Encouraged by the indifference, Erdoğan proceeded with other plans: A shopping mall in Gezi Park, a new bridge over the Bosphorus and a new grand mosque to steal the landscape from Sinân’s delicate creations. The citizens of Istanbul were never asked for their views. It was this lack of any consultation that angered the citizens and triggered the occupation of the tiny green space in the heart of the city. As we all now know, the spirit of conciliation is not the Turkish prime minister’s strong point. Nor is generosity of heart or mind. He loathes secular intellectuals, refers to the founders of the republic as drunkards or alcoholics (as if those were their defining characteristics rather than outwitting Lord Curzon and the British Empire to create a republic) and talks constantly of the danger from left-wing ‘terrorists’. When angry, which is often, Erdoğan takes on the character of a village bully, sometimes embarrassing his colleagues.
Socially conservative, politically unscrupulous, economically beholden to the building industry and militarily/politically Nato’s favourite Islamists, the party in power ignored the voices on the street. They were meant to be the model for other Muslim countries. Erdoğan’s arrogance in using violence – baton charges, water cannon and tear gas, against mainly young people – has wrecked the model. Hence the note of exasperation from the White House, and the familiar request that ‘both sides should show restraint.’
The police assault on unarmed and peaceful occupiers backfired badly. Within 48 hours every city, bar four, had experienced solidarity demonstrations and occupations of public places. The tiny protest had grown into a national uprising against the sultan of the building trades, large and small. When I arrived in Ankara on the evening of 15 June, the tell-tale signs were visible. Water-tanks and scorpions (police command cars) were stationed on the main streets, ready to go into action.

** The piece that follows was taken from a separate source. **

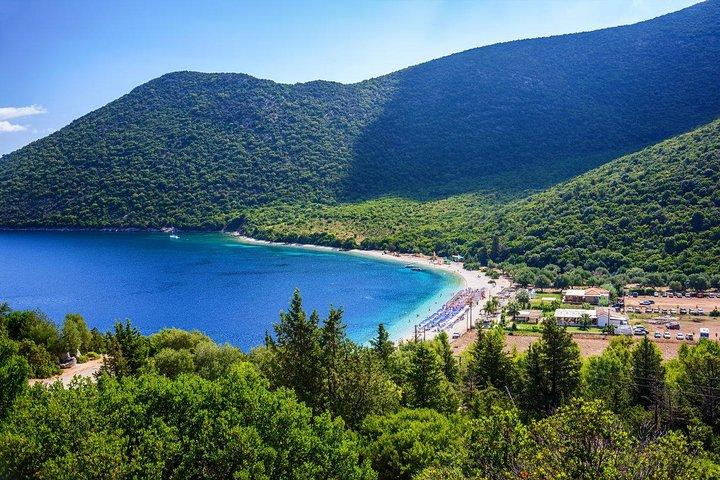 Private Half-day Tour: Antisamos beach Swim, Melissani Lake, Agrilia Monastery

It’s the first time I’ve experienced protests that begin at night. People come home from work, change, eat, discard their ties and get ready. Water bottles and handkerchief, soaked to protect against tear gas. At 10 or 11 p.m. they come out, usually in small groups, crossing streets like shadows till they reach Kuğulu Park and smile as thousands are already there, chanting slogans, singing songs, taunting Erdoğan. The police attack. Barricades hurriedly go up using advertising boards, the odd car and anything to hand. Water cannon try to disperse them. They fail. Then the tear gas (imported from Brazil). It keeps coming. The demonstrators disperse, assemble again and so it goes on till 3 a.m. or later. Action will be resumed the following night.
While this is happening on the streets, in apartment windows the mothers and grandmothers of the demonstrators bang pots and pans in solidarity – and as a warning to Erdoğan, for this is a very old Turkish protest pioneered by Janissary corps to warn the Ottoman sultan that enough was enough. In Istanbul, when Erdoğan asked parents to take their kids home, thousands of mothers joined the occupation, bringing pots, spoons and pans with them.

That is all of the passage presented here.